-------- RECORDS PROVIDED --------

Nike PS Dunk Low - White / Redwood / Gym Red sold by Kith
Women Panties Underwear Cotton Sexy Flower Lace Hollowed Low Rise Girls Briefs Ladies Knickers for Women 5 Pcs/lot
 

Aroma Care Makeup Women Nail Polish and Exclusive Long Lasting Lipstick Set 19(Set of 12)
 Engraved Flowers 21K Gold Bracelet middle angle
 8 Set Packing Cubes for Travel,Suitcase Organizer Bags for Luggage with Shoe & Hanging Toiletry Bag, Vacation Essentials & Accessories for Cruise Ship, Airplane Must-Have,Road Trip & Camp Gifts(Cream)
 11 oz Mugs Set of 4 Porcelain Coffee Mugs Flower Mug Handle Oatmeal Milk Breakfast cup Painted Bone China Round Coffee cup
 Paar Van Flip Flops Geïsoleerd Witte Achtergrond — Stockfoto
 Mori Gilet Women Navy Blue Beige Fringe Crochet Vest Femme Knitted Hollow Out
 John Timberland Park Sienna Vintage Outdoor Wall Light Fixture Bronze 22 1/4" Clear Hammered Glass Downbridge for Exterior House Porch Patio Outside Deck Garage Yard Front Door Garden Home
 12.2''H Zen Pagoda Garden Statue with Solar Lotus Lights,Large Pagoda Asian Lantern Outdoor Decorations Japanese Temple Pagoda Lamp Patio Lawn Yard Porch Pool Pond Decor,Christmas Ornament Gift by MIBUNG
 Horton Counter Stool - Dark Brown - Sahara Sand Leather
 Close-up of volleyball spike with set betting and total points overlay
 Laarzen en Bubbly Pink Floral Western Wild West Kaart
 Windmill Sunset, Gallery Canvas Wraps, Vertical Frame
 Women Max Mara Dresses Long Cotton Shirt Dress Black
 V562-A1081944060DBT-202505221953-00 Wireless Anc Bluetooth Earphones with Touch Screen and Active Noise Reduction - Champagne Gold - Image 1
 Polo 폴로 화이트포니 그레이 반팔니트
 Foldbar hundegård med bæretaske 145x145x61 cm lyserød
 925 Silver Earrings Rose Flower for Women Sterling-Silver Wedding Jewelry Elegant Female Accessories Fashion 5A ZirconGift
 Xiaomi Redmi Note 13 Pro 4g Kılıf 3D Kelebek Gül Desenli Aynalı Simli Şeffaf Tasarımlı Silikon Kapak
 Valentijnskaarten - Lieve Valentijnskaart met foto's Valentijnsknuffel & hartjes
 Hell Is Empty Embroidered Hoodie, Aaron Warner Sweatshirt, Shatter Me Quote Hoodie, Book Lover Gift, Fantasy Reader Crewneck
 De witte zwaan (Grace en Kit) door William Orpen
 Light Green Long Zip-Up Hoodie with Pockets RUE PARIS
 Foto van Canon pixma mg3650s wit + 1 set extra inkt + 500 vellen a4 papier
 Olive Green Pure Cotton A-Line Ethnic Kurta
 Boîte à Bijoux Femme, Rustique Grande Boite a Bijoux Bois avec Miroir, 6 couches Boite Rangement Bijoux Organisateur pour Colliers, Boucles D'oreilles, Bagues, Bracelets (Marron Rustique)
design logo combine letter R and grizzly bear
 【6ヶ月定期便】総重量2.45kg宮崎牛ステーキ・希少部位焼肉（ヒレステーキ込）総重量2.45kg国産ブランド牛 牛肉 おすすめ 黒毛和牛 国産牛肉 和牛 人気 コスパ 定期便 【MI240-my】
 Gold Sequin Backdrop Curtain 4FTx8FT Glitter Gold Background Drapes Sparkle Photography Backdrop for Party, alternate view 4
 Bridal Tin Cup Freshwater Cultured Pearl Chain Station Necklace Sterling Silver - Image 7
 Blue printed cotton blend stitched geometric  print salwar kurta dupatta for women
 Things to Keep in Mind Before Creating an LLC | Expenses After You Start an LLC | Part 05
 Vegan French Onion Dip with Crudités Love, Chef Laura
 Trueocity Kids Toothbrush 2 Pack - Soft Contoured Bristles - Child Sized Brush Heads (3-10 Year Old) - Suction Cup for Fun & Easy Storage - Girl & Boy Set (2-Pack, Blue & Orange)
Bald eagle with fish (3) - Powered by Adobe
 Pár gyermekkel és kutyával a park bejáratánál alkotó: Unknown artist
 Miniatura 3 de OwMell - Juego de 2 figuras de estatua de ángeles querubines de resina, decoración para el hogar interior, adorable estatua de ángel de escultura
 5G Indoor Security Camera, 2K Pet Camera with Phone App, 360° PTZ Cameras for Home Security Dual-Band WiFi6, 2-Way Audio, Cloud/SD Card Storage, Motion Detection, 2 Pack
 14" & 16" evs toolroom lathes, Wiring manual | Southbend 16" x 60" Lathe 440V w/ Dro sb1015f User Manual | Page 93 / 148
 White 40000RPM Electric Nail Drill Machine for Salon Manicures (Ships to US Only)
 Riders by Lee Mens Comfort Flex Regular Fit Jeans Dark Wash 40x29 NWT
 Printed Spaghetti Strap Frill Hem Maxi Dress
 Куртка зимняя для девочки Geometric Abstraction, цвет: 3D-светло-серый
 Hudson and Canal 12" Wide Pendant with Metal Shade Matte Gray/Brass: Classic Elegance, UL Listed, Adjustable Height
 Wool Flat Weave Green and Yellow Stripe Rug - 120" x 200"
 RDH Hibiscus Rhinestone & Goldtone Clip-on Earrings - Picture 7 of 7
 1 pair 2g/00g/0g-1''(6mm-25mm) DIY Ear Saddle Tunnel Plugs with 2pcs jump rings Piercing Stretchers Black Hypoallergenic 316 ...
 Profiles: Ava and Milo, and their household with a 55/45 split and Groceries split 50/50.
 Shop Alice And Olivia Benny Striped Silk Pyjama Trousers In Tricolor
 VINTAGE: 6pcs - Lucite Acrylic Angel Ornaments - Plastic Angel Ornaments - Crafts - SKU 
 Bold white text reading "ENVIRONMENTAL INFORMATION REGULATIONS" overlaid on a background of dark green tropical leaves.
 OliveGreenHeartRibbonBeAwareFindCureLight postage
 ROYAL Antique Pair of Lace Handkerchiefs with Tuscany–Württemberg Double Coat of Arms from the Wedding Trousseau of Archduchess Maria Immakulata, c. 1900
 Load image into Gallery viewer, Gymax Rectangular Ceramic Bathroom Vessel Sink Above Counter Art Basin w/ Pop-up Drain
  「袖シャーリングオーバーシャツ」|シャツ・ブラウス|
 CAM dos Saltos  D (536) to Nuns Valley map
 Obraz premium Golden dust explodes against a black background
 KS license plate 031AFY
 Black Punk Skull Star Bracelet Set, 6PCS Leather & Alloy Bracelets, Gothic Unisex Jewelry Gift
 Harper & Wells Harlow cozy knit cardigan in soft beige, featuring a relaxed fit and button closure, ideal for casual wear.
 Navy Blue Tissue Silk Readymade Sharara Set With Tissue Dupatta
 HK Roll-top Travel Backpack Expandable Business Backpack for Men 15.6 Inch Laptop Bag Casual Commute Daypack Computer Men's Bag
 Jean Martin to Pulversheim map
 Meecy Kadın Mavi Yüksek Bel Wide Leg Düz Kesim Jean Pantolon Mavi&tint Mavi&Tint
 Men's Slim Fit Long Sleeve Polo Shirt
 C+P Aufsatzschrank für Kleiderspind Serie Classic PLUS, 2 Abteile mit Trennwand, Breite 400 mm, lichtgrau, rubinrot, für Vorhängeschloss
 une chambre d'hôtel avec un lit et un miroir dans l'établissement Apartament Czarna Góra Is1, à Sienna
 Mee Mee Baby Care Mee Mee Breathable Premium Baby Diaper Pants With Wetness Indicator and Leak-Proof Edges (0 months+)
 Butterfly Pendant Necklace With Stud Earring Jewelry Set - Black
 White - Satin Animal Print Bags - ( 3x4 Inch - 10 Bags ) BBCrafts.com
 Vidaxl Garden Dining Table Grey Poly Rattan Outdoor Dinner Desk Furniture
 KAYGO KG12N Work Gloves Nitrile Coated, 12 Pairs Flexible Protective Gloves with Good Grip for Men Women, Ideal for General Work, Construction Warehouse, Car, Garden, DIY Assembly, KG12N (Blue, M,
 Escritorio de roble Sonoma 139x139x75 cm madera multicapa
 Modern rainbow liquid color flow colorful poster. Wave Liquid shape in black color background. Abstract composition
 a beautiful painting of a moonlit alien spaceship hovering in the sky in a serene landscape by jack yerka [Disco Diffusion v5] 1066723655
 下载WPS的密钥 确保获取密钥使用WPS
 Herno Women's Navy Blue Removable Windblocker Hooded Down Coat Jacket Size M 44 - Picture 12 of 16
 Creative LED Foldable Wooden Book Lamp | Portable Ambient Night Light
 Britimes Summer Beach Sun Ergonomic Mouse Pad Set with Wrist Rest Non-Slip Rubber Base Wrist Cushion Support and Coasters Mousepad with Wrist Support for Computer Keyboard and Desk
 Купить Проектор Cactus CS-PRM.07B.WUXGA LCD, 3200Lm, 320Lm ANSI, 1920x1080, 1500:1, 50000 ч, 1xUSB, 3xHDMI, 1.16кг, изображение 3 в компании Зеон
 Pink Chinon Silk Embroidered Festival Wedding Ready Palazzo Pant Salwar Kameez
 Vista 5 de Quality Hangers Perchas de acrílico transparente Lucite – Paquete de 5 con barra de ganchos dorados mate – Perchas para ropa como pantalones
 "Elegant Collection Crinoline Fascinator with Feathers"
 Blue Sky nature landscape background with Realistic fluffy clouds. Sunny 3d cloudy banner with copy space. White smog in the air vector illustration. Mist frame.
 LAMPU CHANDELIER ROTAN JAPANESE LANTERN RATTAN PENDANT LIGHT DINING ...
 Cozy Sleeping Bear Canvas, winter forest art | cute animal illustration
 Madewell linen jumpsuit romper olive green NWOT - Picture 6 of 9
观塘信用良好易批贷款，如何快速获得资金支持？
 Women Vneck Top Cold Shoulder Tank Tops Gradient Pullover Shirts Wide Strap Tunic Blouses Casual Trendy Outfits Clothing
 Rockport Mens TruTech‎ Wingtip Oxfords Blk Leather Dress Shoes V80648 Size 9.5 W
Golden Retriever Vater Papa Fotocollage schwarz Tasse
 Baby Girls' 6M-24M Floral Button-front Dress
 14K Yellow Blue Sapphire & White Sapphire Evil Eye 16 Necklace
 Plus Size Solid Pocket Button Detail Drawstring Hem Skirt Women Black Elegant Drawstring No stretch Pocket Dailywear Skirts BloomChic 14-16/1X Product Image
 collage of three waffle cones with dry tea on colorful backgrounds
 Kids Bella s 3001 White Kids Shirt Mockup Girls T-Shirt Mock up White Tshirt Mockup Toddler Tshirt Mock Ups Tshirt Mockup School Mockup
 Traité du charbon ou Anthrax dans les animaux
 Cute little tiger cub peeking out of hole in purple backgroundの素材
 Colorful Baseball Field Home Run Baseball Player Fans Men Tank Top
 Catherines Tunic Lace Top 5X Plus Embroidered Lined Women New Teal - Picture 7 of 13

--------

ASSIGNMENT — Pull out all lines of the data with the string "Canvas".

WRITTEN ANSWER —
 Windmill Sunset, Gallery Canvas Wraps, Vertical Frame
 Cozy Sleeping Bear Canvas, winter forest art | cute animal illustration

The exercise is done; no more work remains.